1600人の女性バイカーが集まったこのイベントを、BMWの「MAKE LIFE A RIDE」キャンペーンやBMW設立100周年を記念するコンセプトバイク「Motorrad Vision Next 100」の写真ビジュアル、またヤマハ・ヨーロッパのカスタムプロジェクト「Yard Built」に参加した木村信也氏の“Fastor Son”の写真撮影を担当したスペイン人女性写真家・Kristina Fender(クルスティナ・フェンダー)が撮影&レポートします。

女性ライダーの先入観を打ち破れ!
6:00 am
私は暗い部屋の中で目覚めた。ベッドにひとり腰掛けて周りを見回しても、いまの状況を把握できずにいた。旅の始まりはいつもこうだ。突然、私はそこに現れる。どうやってそこにやってきたかなんてことはあっという間に忘れ去ってしまうのだ。そんなことは重要じゃない、その証拠だ。
4歩先にあるドアを開けると、私の住むスペインではすっかり秋だと言うのに、夏のように暑いカリフォルニア州のジョシュア・ツリー国立公園の中の砂漠が広がり、自分が再びアメリカにやってきたことを思い出した。
表に出てタバコを吸っているあいだも、私はまだ完全に目覚めていなかった。しかし燃えるように鮮やかに焼けた地平線が一日の始まりを告げ、そのオレンジの光りが広がるのをタバコの煙越しに眺め、間違いなく今日も暑くなる、と感じた。
2年前にも、同じような経験をしたことをよく覚えている。2014年に訪れた「Babes Ride Out」は、私にとって衝撃だった。誰かに格好いいイベントがあると教えられ、最初はそのビジュアルだけを見てクールなイベントだと感じた。しかし私は、そのイベントが70人の女性ライダーだけで行われたと言うことを知り、大いに驚いた。いずれにしても、筋肉で武装し、ヒゲで飾った男どもの干渉を受けず、女たちだけで如何にバイクに乗り、楽しむのか。それを確かめる必要があると思ったのだ。

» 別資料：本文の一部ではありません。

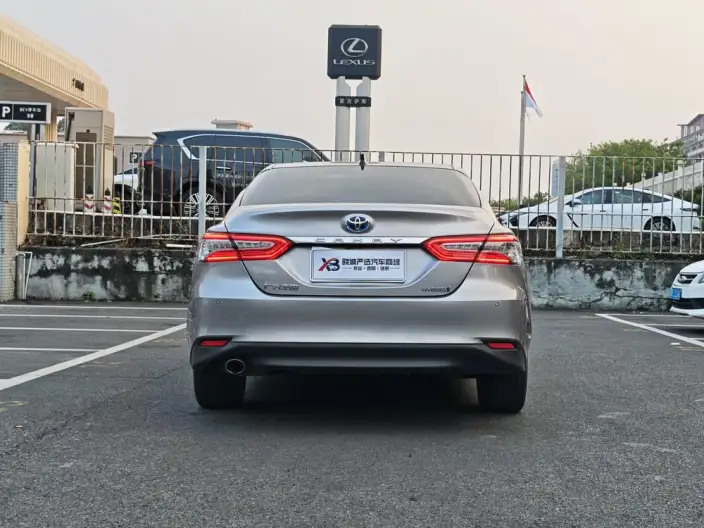 Toyota Camry 2021 Model Hybrid 2.5HG Deluxe Edition – фото 6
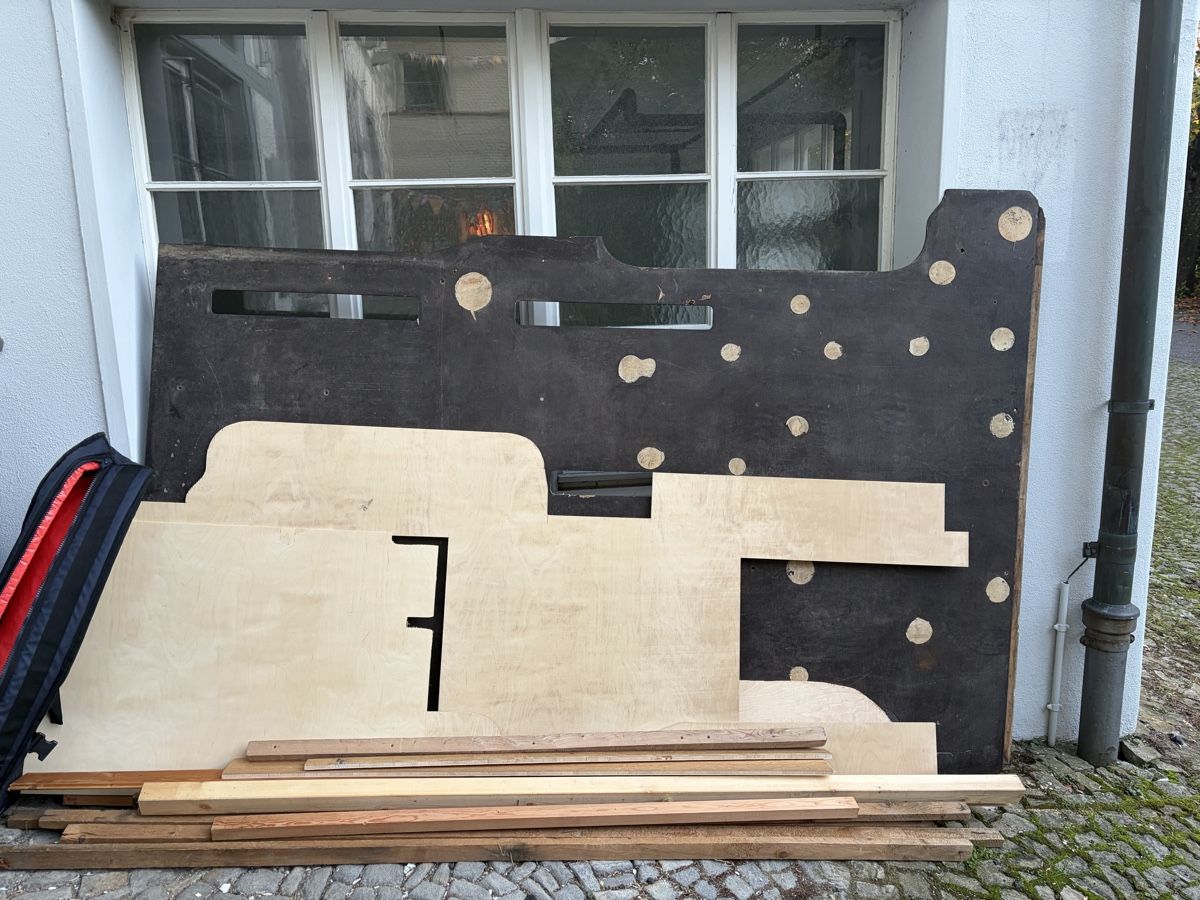 VW Tutti i ricambio: VW LT35 L1 Bodenplatte – Usato da Ittigen venduto da yas_jq2g 1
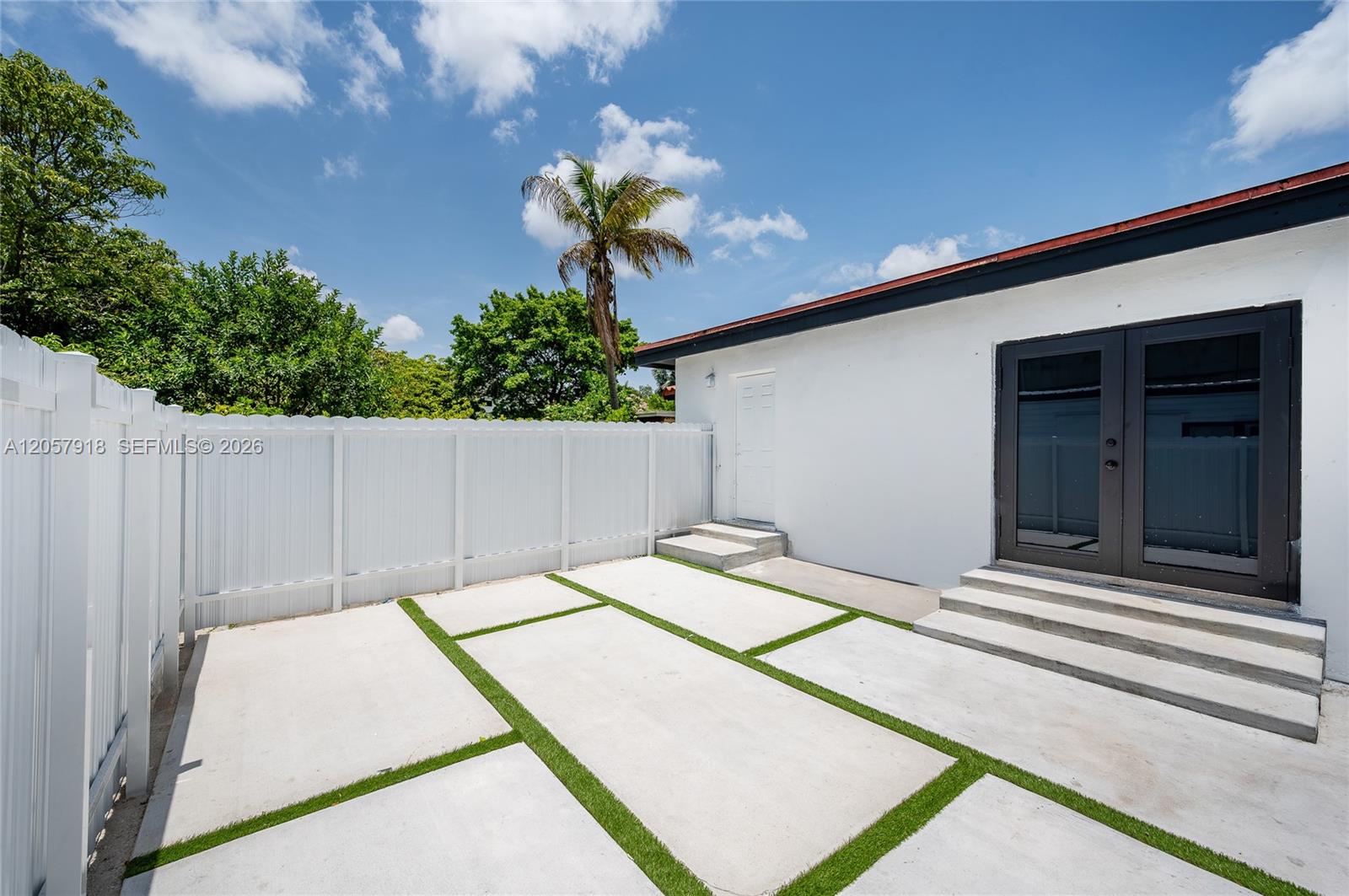 Ver detalles / 2578 sq. ft. $ 2026-07-22 0 foto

「Babes Ride Out」は、友人であるアーニャ・ヴァイオレット(Anya Violet)とアスモア・エリス(Asmore Ellis)がスタートさせたイベントだ。2013年6月、その年にオフロードバイクに乗り始めた二人が訪れた、カリフォルニアで開催されているカスタムバイク系イベント“Born Free Motorcycle Show/ボーンフリー・モーターサイクルショー”での二人の会話が始まりだった。
そのアイディアはじつに単純で、女の子のバイカーばかりが集まる“ガールズ・ウィークエンド”をSNSだけで呼びかければ何人が集まるだろうか、というものだった。彼女たちはそのイベントをその年の10月下旬に開催すると決め、そのために動き始めた。モットーは“男ナシ、媚びる必要ナシ”と“偏見と戦う必要のない、すべての女性のための空間を造り上げること”だ。
アーニャとアスモアは当初、10~15台は集まると考えていた。しかし告知を始めると日に日に参加台数が増え、イベント当日の集合場所には、遠く東海岸からの参加者を含む70人のライダーが集まっていた。そして彼女たちは砂漠の街/ボレゴスプリングス近くの砂漠で、サソリに囲まれながら、許可なくキャンプをして過ごしたのだった。
その経験は、彼女たちにとってかけがえのないものになった。そしてその経験をより多くの人々に伝え、共有する必要があると感じ、再びそのイベントを開催しようと考えるようになった。しかし次回はオフィシャルに開催するためキャンプサイトと契約し、トイレと水を確保する必要があった。そして彼女たちは翌年、彼女たちの地元であるジョシュア・ツリー国立公園内のキャンプ場に場所を移し、500人の女性ライダーを集めイベントを開催した。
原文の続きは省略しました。